Image forming method and image exposure device

Abstract

A method for forming an image on a planographic printing plate precursor including a substrate and an image recording layer disposed thereon, the layer including a hydrophobic precursor and a light-to-heat converting agent. The method includes an image exposing process of exposing the planographic printing plate precursor to infrared radiation to form an image on the image recording layer of the planographic printing plate precursor, and a post-heating process of heating the planographic printing plate precursor to a predetermined heating temperature.

Description

CROSS-REFERENCE TO RELATED APPLICATION This application claims priority under 35USC 119 from Japanese Patent Application Nos. 2003-116161, 2003-116162 and 2003-116163, the disclosures of which are incorporated by reference herein. BACKGROUND OF THE INVENTION 1. Field of the Invention The present invention relates to an image forming method and an image exposure device. Specifically, the invention relates to scanning exposure of an image by infrared radiation, an image forming method on a planographic printing plate by which plate-making can be carried out without any specific liquid developing process, and to an image exposure device used therefor. 2. Description of the Related Art Recently, laser technology has been developed dramatically. Specifically, solid laser and semiconductor laser emitting infrared radiation having a wavelength of 760 nm to 1200 nm (hereinafter suitably referred to as “infrared laser”) and having high output and small size can be readily available. Spe...

AI Technical Summary

Benefits of technology

An object of the present invention is to provide an image forming method that can form an image by scanning exposure based on a digital signal without a special liquid development process and can afford a planographic printing plate superior in printing durability, and an image exposure device used therefor, aiming at solving the above-mentioned conventional problems.

The image-forming mechanism of the planographic printing plate precursor according to an embodiment which employs an image recording layer including a polymerizable compound, a polymerization initiator and a light-to-heat converting agent in the first to third aspects of the invention will be explained hereinafter. In an embodiment in which an image recording layer includes a polymerizable compound, a polymerization initiator and a light-to-heat converting agent in the first to third aspects of the invention, the image recording layer is characterized by including a polymerizable compound, a polymerization initiator and a light-to-heat converting agent. The polymerizable compound forms a hydrophobic image portion by causing a polymerization reaction and being cured with energy of image exposure. On the other hand, in an unexposed portion, uncured components are easily removed due to dampening water during printing, function of ink and stress during printing.

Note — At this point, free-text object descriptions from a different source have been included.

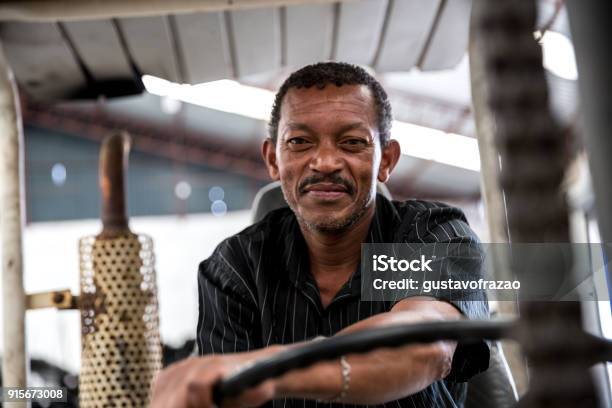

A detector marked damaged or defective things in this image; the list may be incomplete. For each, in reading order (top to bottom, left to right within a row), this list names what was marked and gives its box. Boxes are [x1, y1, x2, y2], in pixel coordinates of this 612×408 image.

rusty metal pole [0, 41, 26, 404]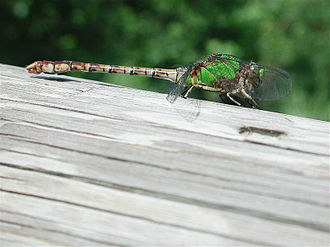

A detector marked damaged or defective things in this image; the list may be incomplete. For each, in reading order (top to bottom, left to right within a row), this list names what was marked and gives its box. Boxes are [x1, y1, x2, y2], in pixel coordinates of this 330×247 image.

rusty snaketail dragonfly [27, 54, 292, 110]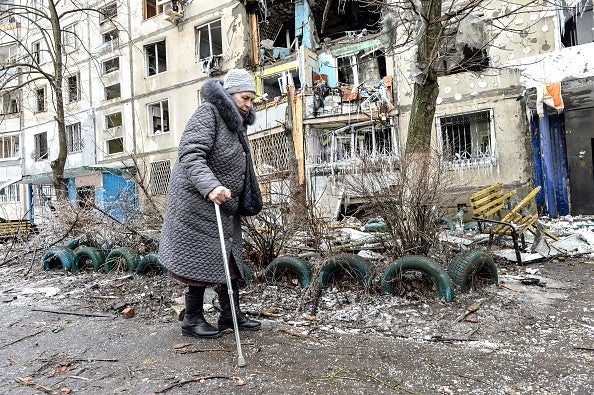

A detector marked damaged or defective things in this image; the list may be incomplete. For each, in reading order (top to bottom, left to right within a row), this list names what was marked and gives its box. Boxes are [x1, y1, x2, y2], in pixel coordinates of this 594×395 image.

broken window [145, 40, 166, 76]
broken window [195, 20, 221, 61]
broken window [438, 16, 488, 75]
broken window [560, 1, 592, 47]
broken window [65, 122, 82, 153]
broken window [147, 100, 168, 135]
damaged apartment building [0, 0, 588, 223]
broken window [434, 110, 494, 167]
shattered window frame [434, 110, 494, 169]
broken window [149, 160, 170, 196]
broken furniture [468, 183, 540, 264]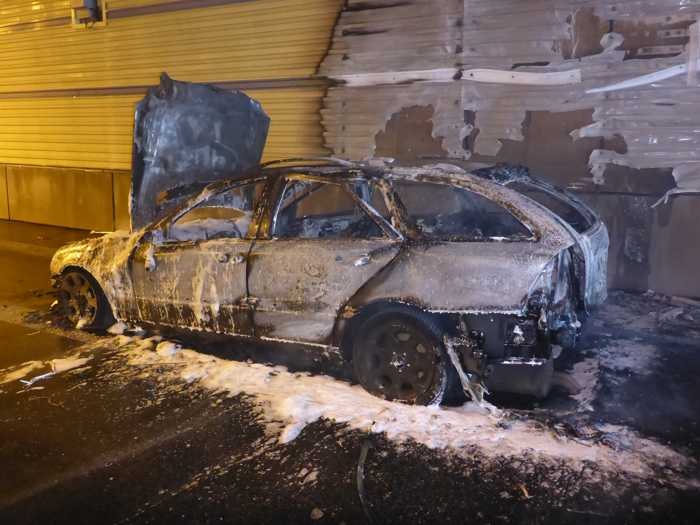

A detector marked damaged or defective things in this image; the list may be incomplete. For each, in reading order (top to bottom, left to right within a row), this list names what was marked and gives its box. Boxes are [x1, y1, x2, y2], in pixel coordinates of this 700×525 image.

burnt-out car [49, 73, 608, 404]
damaged wheel rim [60, 272, 98, 326]
burned tire [59, 268, 115, 330]
burned tire [352, 308, 456, 406]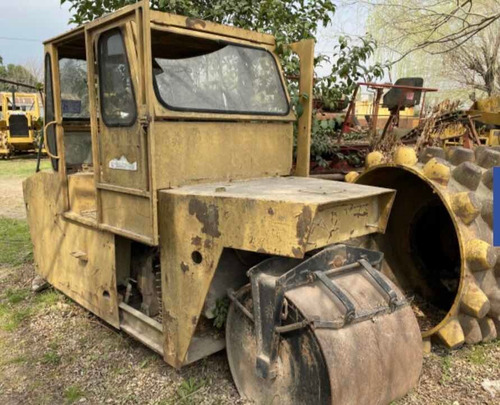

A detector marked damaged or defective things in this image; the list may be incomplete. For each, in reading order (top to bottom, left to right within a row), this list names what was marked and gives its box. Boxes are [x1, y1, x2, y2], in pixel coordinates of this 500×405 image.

rusty metal panel [24, 172, 120, 326]
rust patch [188, 198, 222, 237]
rusty road roller [23, 1, 422, 402]
rusty metal panel [157, 175, 394, 364]
rust patch [296, 207, 312, 248]
rusty road roller [348, 146, 500, 350]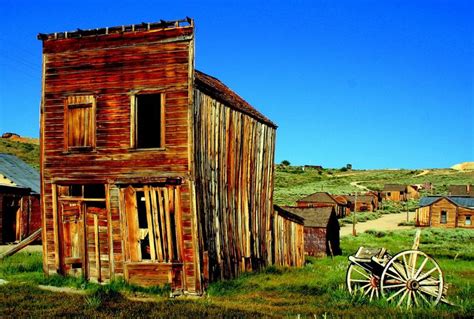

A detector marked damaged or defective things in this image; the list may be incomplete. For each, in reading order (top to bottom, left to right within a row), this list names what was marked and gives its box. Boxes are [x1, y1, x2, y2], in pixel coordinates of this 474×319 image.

broken window frame [64, 95, 96, 152]
broken window frame [131, 90, 166, 149]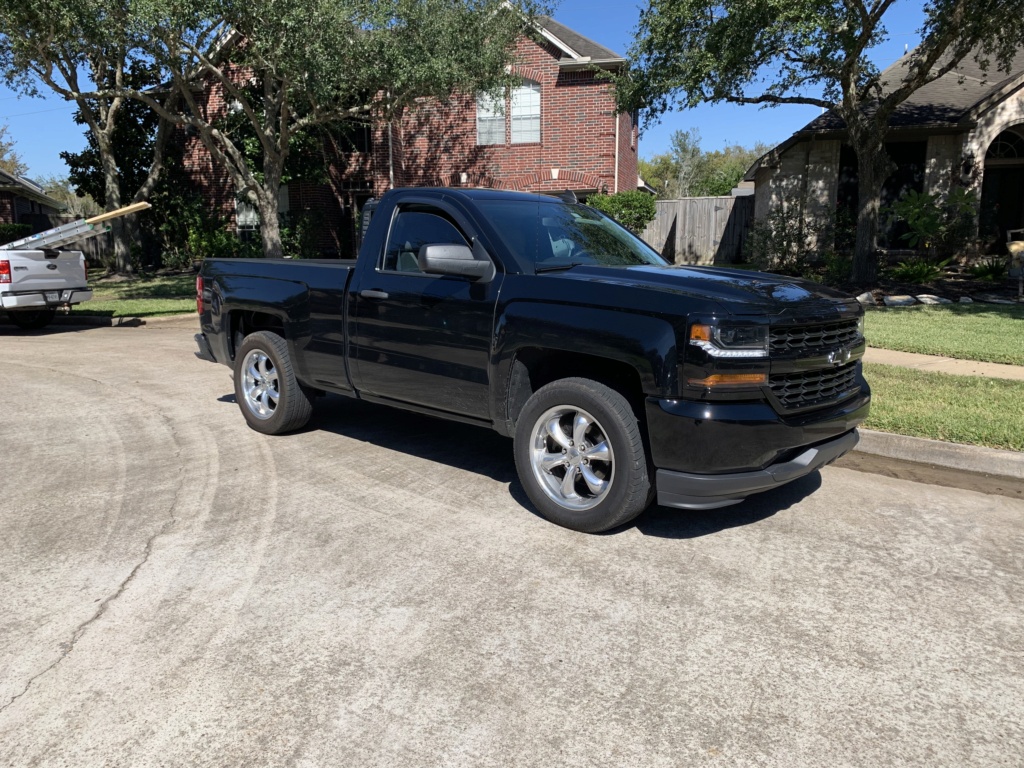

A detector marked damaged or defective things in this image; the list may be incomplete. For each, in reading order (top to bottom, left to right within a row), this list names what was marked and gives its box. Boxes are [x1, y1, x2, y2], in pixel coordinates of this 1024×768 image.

crack in concrete [0, 518, 176, 720]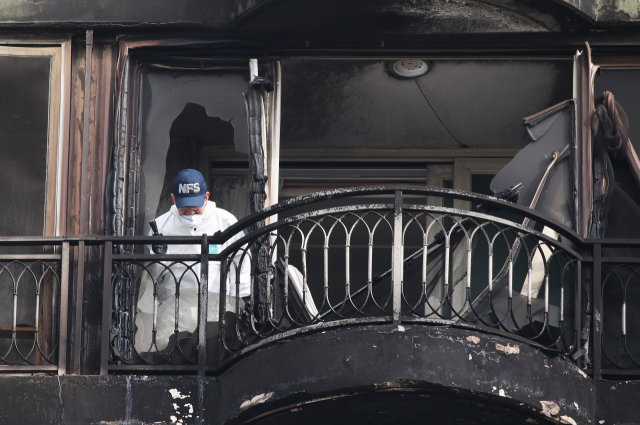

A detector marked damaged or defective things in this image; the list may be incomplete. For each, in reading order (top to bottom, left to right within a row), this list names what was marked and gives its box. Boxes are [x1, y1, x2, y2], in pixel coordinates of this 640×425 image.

black charred column [245, 76, 272, 322]
peeling paint [238, 390, 272, 410]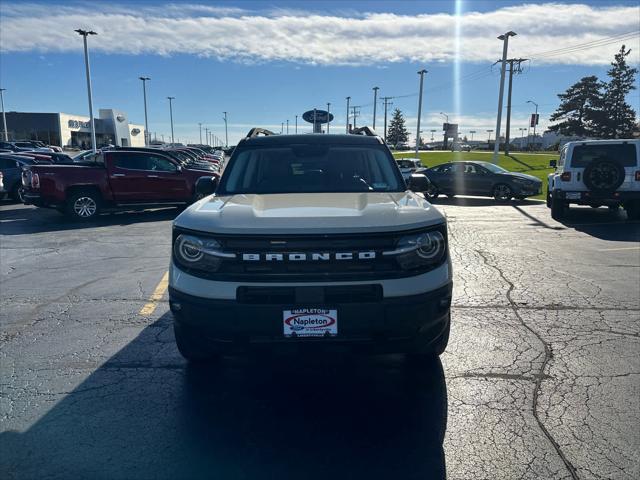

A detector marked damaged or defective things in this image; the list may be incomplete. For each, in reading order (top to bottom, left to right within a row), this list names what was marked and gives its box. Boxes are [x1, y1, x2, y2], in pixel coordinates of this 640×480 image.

cracked pavement [0, 200, 636, 480]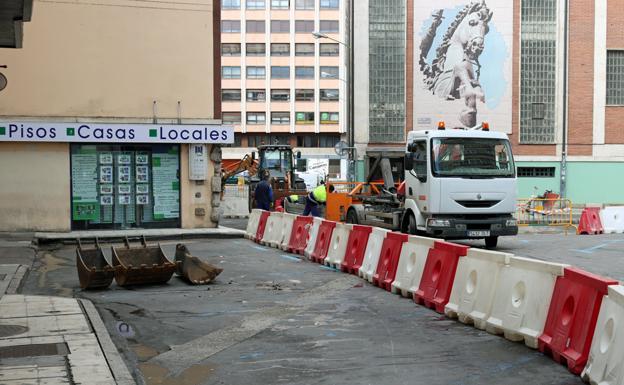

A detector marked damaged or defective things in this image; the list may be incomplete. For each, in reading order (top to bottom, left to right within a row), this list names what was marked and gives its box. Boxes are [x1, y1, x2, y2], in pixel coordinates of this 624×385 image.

rusty metal bucket [75, 237, 114, 288]
rusty metal bucket [111, 236, 176, 286]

In the method of the first aspect of the invention, it is considered that the whole energy for the image-forming can be increased by heating the planographic printing plate precursor by energy such that the microcapsule wall material in the non-image portion does not become permeable or by energy such that the polymer particles in the non-image portion do not fuse or crosslink, after the image exposure of the planographic printing plate precursor (hereinafter suitably referred to as “post-heating”), which allows formation of an image having rigidity and superior printing durability. Specifically, in the recording layer using the microcapsules, unreacted polymerization initiator is decomposed by heating to form a new active species, which acts on unreacted heat reactive compound or a polymerizable compound to initiate and proceed the polymerization reaction thereof, increase the movabilities of the active species and the heat reactive compound or a polymerizable compound, and to accelerate the proceeding of the polymerization reaction. In the case of the particles polymer, it is considered that the fusion of the insufficient fused surfaces of the adjacent particles is accelerated by post-heating, and that the crosslinking reaction is also accelerated due to the same reason as the polymerization reaction to form a strong hydrophobic portion. In view of these, it is expected that the method of the invention exhibits a remarkable effect when microcapsules which generate a synergetic effect between increase of the active species and increase of movability, are used.

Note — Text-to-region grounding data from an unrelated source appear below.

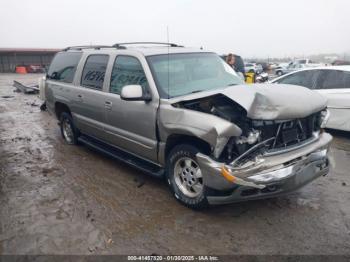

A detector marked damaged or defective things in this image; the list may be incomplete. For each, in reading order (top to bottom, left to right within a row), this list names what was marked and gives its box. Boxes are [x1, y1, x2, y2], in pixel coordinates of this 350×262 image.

damaged chevrolet suburban [43, 43, 330, 209]
wrecked car [45, 43, 332, 209]
crushed hood [170, 84, 328, 119]
crumpled front bumper [196, 132, 332, 204]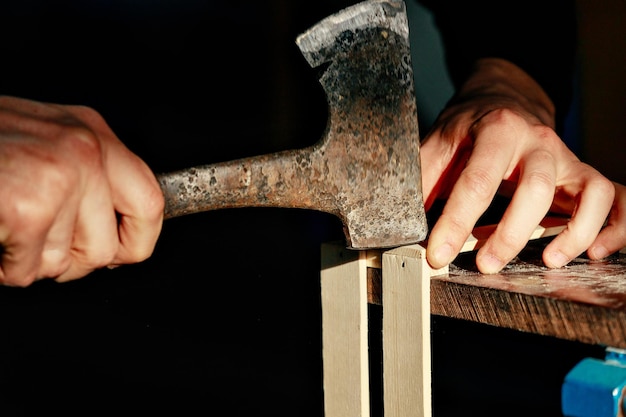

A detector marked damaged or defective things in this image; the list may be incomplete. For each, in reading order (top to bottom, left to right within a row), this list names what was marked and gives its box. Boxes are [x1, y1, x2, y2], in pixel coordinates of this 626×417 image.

rusty axe head [158, 0, 426, 247]
rust texture on metal [158, 0, 426, 249]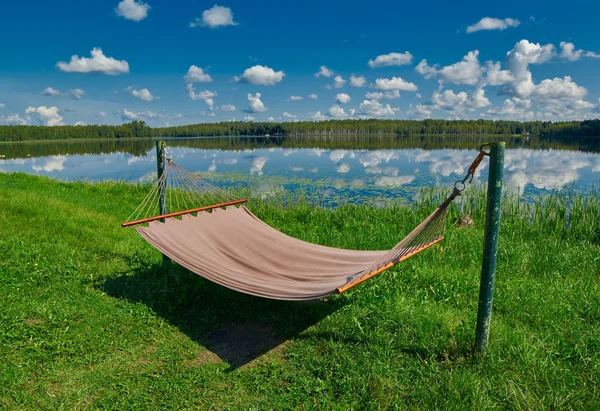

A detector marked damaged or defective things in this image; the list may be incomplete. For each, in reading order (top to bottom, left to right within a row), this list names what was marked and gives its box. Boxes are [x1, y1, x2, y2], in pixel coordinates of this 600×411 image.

rusty metal pole [476, 142, 504, 358]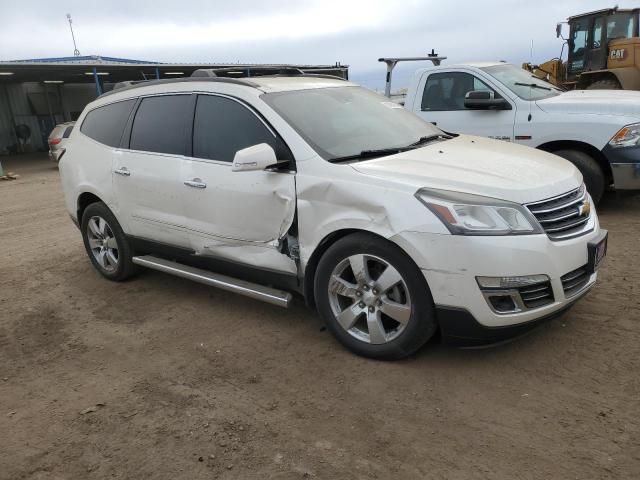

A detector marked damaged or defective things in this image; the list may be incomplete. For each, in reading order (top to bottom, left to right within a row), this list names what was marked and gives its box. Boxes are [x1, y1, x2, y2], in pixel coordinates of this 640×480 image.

damaged rear door [180, 94, 298, 274]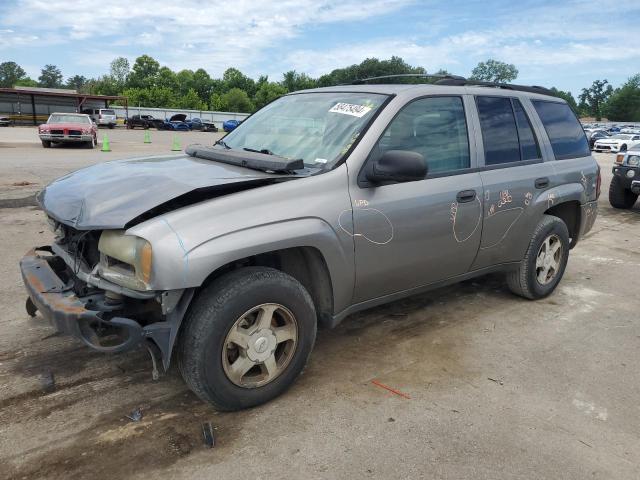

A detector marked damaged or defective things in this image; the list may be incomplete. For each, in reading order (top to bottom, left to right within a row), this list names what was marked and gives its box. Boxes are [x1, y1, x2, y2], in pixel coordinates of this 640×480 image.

crumpled front bumper [19, 248, 147, 352]
shattered headlight [97, 231, 153, 290]
cracked hood [37, 154, 282, 229]
damaged chevrolet trailblazer [20, 77, 600, 410]
wrecked vehicle [21, 77, 600, 410]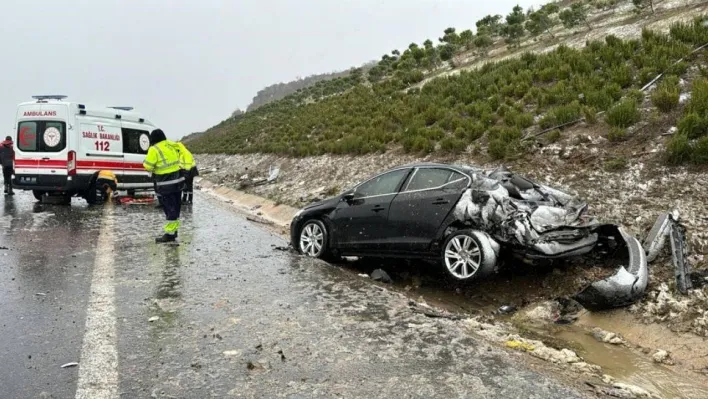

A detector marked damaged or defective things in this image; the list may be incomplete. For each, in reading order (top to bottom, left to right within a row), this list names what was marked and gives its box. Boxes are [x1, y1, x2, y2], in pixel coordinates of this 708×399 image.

severely damaged black car [290, 162, 648, 310]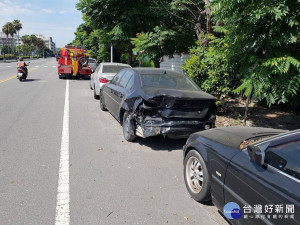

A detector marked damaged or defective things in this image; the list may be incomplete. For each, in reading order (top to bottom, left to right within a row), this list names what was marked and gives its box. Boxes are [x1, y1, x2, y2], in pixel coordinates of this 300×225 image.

damaged black sedan [100, 68, 216, 142]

In the method of the second aspect of the invention, it is considered that the thermal energy for the image-forming is increased by locally heating the area including the image-exposed area of the planographic printing plate precursor by energy such that the microcapsule wall material in the non-image portion does not become permeable or by energy such that the polymer particles in the non-image portion do not fuse or crosslink, after the image exposure of the planographic printing plate precursor (hereinafter suitably referred to as “post-heating”), which allows formation of an image being strong and having superior printing durability. Specifically, in the recording layer using the microcapsules, unreacted polymerization initiator is decomposed by heating to form new active species, which acts on unreacted heat reactive compound or a polymerizable compound to initiate and proceed the polymerization reaction thereof, increases the movabilities of the active species and the heat reactive compound or a polymerizable compound, and accelerates the proceeding of the polymerization reaction. In the case of the polymer particles, it is considered that the fusion of the insufficient fused surfaces of the adjacent particles is accelerated by post-heating, and that the crosslinking reaction is also accelerated due to the same reason as the polymerization reaction to form a strong hydrophobic portion. In view of these, it is expected that the method of the invention exhibits a remarkable effect when microcapsules which generate a synergetic effect between increase of the active species and increase of movability, are used.

In the method of the third aspect of the invention, it is considered that the whole thermal energy for the image-forming is increased by locally heating the area (heating area) including the area (exposure area), on which infrared radiation is irradiated to expose, on the planographic printing plate precursor, during the irradiation of infrared radiation to the exposure area, by energy such that the microcapsule wall material in the non-image portion does not become permeable or by energy such that the polymer particles in the non-image portion do not fuse or crosslink, during the image exposure of the planographic printing plate precursor, whereby an image having superior printing durability can be formed. Specifically, in the recording layer using microcapsules, decomposition reaction of the polymerization initiator is accelerated by heating, and much polymerization initiator is activated as compared with the case when only infrared radiation exposure is used, to generate sufficient amount of active species, which acts on the heat reactive compound or a polymerizable compound to initiate and proceed the polymerization reaction thereof, improve movabilities of the active species and the heat reactive compound or a polymerizable compound by heat, and to accelerate proceeding of the polymerization reaction. Furthermore, when a microparticle polymer is used, the calorie supplied is increased, whereby softening and melting of particles are carried out quickly and fusion of the surfaces of the adjacent particles is accelerated. Furthermore, when a crosslinking-type or a polymerization-type particles having heat reactive functional group are used, crosslinking (polymerization) reaction is accelerated due to the same reason as mentioned for the polymerization reaction, since the particles have heat reactive functional group. Therefore, it is considered that a strong image portion is formed in either embodiment.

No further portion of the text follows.